Artificial Intelligence
AI FinOps 2.0
19 min read

How to Deploy and Fine‑Tune Qwen3.5 Small Models (0.8B‑9B) Locally

This guide walks you through deploying Qwen3.5's 0.8B, 2B, 4B and 9B models on CPUs or modest GPUs using Unsloth's GGUF quantization, explains hardware requirements, shows how to run them with llama.cpp, llama‑server, vLLM or SGLang, and provides a free Colab fine‑tuning workflow with export options.

Old Zhang's AI Learning
Old Zhang's AI Learning
Old Zhang's AI Learning
How to Deploy and Fine‑Tune Qwen3.5 Small Models (0.8B‑9B) Locally

Introduction

The author presents a step‑by‑step tutorial for the Qwen3.5 small‑model series (0.8B, 2B, 4B, 9B). Because the official weights are distributed in HuggingFace safetensors format, which targets high‑end GPUs, the Unsloth team released GGUF‑quantized versions that run efficiently on ordinary CPUs and consumer‑grade GPUs.

Why GGUF?

Unsloth’s Dynamic 2.0 quantization keeps important layers (e.g., attention weights) at higher precision (8‑bit or 16‑bit) while aggressively compressing less critical layers. The result is a 4‑bit model whose performance is almost indistinguishable from the original FP16 checkpoint.

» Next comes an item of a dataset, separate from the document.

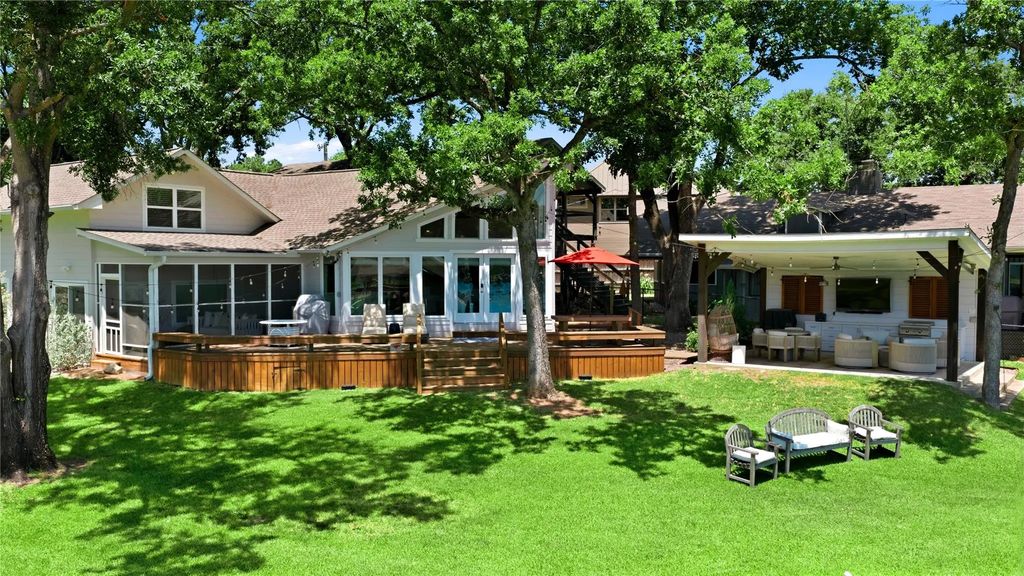 104 Doering Bay Circle, Mabank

Memory Requirements (Quick Reference)

0.8B / 2B : runs on almost any device with ~3 GB RAM + VRAM.

4B (Q4 quant) : needs ~7 GB; a MacBook Air M1 with 8 GB RAM can handle it.

9B (Q4 quant) : needs ~9 GB; a 16 GB MacBook Pro or a GPU with 12 GB VRAM runs it comfortably.

Thus a 9B model in Q4 quant can outperform many 80B models while fitting on a laptop.

Choosing a Quantization Version

UD‑Q4_K_XL

(recommended): best balance of size and accuracy, negligible precision loss. Q4_K_M: classic 4‑bit quantization with the widest compatibility, small loss. UD‑Q2_K_XL: extreme memory saving, acceptable loss for very constrained devices. Q8_0: near‑full precision, requires more memory.

Unsloth’s KL‑divergence tests place UD‑Q4_K_XL on the Pareto front as SOTA.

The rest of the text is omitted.